We rejoice when you join us to study a portion of God’s Word.

We are now in Luke 14. These events occur as Jesus is teaching in Perea, east of the Jordan. It is now about three months until the crucifixion.
Crowds came to hear Jesus and to be with Him. Jesus is saying to the people “count the cost of discipleship.”

Listen to Luke 14:25-35:
Large crowds were traveling with Jesus, and turning to them he said: "If anyone comes to me and does not hate his father and mother, his wife and children, his brothers and sisters --yes, even his own life --he cannot be my disciple. And anyone who does not carry his cross and follow me cannot be my disciple.

"Suppose one of you wants to build a tower. Will he not first sit down and estimate the cost to see if he has enough money to complete it? For if he lays the foundation and is not able to finish it, everyone who sees it will ridicule him, saying, `This fellow began to build and was not able to finish.'

"Or suppose a king is about to go to war against another king. Will he not first sit down and consider whether he is able with ten thousand men to oppose the one coming against him with twenty thousand? If he is not able, he will send a delegation while the other is still a long way off and will ask for terms of peace.

In the same way, any of you who does not give up everything he has cannot be my disciple. "Salt is good, but if it’s lost its saltiness, how can it be made salty again?

Friend, Jesus Christ is the only source of fulfillment, joy, peace, love, and all those qualities, which the heart is designed to long for. Hungry hearts account for the great crowds of people who came to Jesus.

Jesus longed for these people to have more than knowledge. He wanted them to have the foundation for everlasting life.

What did Jesus mean that a person had to hate parents, their spouse and children, and family members in order to be his disciple?

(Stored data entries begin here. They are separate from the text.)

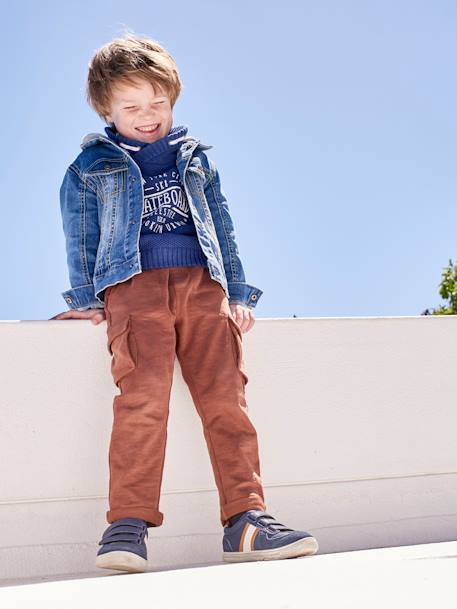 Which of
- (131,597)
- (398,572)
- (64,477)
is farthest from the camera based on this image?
(64,477)

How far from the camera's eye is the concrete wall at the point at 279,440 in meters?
2.27

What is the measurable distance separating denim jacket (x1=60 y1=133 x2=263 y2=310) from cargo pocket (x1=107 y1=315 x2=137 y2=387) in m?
0.13

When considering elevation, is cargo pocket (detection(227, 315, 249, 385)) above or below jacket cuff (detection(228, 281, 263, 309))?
below

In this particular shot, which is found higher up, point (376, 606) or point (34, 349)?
point (34, 349)

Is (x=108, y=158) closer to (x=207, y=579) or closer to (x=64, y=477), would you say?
(x=64, y=477)

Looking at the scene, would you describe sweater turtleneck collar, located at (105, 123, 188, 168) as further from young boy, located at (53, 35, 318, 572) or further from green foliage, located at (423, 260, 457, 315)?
green foliage, located at (423, 260, 457, 315)

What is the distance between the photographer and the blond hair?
2.38 metres

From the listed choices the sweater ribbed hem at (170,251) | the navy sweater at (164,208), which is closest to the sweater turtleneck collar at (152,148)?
the navy sweater at (164,208)

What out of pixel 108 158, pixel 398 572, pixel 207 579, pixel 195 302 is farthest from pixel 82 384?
pixel 398 572

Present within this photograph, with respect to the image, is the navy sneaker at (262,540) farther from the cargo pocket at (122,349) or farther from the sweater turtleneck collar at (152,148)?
the sweater turtleneck collar at (152,148)

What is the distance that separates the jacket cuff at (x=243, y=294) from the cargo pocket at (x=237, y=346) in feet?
0.50

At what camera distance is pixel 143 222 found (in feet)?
7.70

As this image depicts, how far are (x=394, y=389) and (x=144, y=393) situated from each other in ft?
2.91

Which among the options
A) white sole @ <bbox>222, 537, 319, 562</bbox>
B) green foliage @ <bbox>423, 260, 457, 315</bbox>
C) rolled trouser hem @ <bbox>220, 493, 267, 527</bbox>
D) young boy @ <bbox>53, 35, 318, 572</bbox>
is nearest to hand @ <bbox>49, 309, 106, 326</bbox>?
young boy @ <bbox>53, 35, 318, 572</bbox> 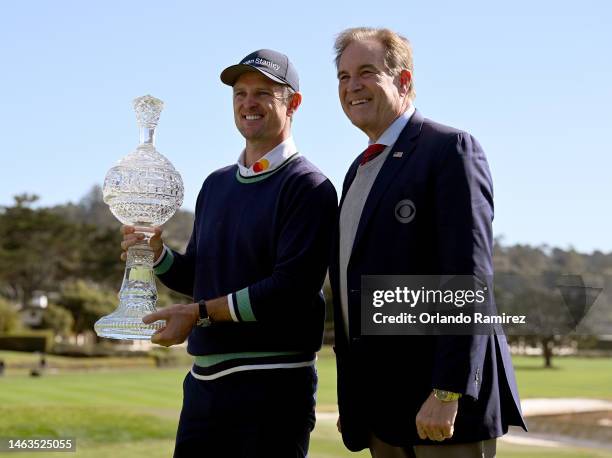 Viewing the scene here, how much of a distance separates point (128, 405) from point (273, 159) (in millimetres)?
17124

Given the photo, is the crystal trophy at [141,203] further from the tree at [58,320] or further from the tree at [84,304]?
the tree at [58,320]

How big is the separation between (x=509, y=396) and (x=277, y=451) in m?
0.94

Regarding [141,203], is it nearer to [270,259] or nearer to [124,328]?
[124,328]

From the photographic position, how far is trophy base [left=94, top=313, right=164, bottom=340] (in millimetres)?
3439

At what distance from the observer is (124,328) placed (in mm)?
3502

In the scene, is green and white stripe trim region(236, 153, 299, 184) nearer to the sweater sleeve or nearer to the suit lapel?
the sweater sleeve

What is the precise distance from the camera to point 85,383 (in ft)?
85.9

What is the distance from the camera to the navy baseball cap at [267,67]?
346 centimetres

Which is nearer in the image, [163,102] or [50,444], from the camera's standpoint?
[163,102]

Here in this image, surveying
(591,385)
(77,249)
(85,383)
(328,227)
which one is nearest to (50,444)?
(328,227)

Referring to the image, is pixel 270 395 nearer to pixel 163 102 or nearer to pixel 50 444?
pixel 163 102

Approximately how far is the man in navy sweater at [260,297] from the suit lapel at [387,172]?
1.03 ft

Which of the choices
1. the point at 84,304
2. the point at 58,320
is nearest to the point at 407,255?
the point at 84,304

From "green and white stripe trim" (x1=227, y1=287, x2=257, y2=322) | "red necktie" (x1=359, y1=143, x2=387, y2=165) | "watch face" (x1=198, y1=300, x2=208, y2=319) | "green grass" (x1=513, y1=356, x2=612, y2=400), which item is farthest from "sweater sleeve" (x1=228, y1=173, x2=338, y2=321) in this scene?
"green grass" (x1=513, y1=356, x2=612, y2=400) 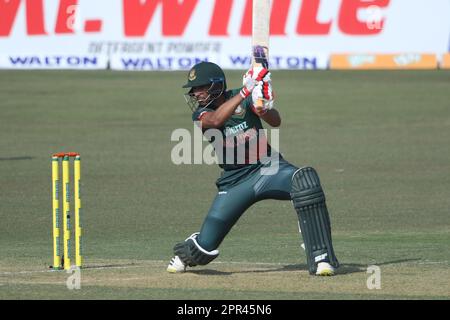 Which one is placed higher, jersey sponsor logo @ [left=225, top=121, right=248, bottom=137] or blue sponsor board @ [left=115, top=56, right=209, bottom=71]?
blue sponsor board @ [left=115, top=56, right=209, bottom=71]

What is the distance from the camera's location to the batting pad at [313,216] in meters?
10.5

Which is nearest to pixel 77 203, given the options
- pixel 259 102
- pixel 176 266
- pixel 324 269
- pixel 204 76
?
pixel 176 266

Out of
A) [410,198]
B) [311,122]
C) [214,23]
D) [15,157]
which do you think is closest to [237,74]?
[214,23]

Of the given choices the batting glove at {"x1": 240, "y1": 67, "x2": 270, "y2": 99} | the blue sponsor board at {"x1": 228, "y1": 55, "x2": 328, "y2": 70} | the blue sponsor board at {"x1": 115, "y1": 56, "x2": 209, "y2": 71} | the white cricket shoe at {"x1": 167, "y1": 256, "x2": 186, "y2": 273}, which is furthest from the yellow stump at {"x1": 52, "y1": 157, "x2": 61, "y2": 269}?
the blue sponsor board at {"x1": 115, "y1": 56, "x2": 209, "y2": 71}

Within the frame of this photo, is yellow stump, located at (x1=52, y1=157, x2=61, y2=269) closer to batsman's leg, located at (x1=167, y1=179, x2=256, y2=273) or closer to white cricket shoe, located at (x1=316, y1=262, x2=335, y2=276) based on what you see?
batsman's leg, located at (x1=167, y1=179, x2=256, y2=273)

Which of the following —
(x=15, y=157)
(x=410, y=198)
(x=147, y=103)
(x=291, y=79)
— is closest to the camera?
(x=410, y=198)

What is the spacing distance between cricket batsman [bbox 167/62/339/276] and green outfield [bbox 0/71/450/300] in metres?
0.25

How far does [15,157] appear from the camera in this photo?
23.7 m

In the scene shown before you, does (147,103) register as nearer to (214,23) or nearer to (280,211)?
(214,23)

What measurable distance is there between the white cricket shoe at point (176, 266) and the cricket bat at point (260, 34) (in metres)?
1.95

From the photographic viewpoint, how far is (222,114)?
10320 millimetres

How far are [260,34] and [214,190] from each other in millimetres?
7527

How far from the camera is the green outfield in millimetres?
10398

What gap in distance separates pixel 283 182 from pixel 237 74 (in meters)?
30.7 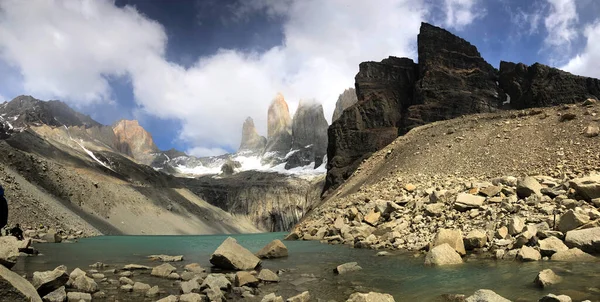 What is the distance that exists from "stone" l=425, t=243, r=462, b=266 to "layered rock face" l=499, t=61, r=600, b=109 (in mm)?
78385

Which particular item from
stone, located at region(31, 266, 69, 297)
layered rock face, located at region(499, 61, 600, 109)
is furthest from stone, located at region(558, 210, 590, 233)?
layered rock face, located at region(499, 61, 600, 109)

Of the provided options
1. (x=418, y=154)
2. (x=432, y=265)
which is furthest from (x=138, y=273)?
(x=418, y=154)

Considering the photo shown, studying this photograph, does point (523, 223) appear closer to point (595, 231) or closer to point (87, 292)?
point (595, 231)

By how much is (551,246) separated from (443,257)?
3.54 meters

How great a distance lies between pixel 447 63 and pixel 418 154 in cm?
5818

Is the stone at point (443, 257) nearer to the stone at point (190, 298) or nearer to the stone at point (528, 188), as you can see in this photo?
the stone at point (528, 188)

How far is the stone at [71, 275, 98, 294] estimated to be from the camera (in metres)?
10.5

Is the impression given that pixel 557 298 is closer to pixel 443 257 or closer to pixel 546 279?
pixel 546 279

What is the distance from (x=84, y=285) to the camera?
34.7 ft

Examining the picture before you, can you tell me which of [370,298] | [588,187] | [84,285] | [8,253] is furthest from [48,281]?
[588,187]

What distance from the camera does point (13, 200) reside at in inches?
1773

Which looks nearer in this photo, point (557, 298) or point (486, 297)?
point (557, 298)

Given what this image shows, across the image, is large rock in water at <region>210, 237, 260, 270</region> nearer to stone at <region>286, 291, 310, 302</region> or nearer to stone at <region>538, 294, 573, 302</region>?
stone at <region>286, 291, 310, 302</region>

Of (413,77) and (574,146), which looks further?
(413,77) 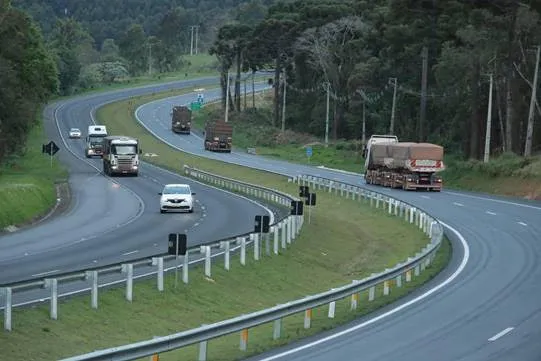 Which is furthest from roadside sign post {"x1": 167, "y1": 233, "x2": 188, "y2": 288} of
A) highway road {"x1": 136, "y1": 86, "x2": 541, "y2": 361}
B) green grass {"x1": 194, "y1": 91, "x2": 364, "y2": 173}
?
green grass {"x1": 194, "y1": 91, "x2": 364, "y2": 173}

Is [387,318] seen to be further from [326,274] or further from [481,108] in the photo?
[481,108]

It is thought that Jesus was using hyperbolic exaggeration to emphasize a point. We do know Jesus was not denying previous truths which he taught, such as one must honor his father and mother; and his command to his followers to love even their enemies.

The explanation of these words must lie in his emphasis that there must be no affection or loyalty above that reserved for Jesus Christ in the life of any disciple. Love for family members must be secondary to our love and allegiance for Jesus if we are to be his follower. Jesus expects our deepest devotion to be given to Him.

These thoughts are compatible to Jesus’ statement that we must carry our cross and follow him to qualify as a disciple. That phrase “carrying our cross” reflects the very act of Jesus. Just as Jesus was willing to carry His cross, if necessary, and be hung on it as the sacrifice for sin, we must be willing to carry our cross. This means we give up the freedom to do our will, in order to yield to the will of the Lord every day, whatever the cost. Following the will of the Lord Jesus must be our first priority each moment of life.

The idea of counting the cost is forcefully presented by Jesus in his teaching about building a tower. Even before a contractor starts the job he must have reasonable assurance that there are resources to complete the job. To do otherwise is folly.

The same is true in facing an invading army in a kingdom. The king certainly must have some confidence in his own forces before he joins in a war, even against a larger force.

Jesus caps the sermon by saying, “any of you who does not give up everything he has cannot be my disciple.” Jesus stipulates that he must have first place in the life of every disciple.

Although Jesus spoke directly to these people in Perea, He was also speaking to you and to me. We must commit to total loyalty.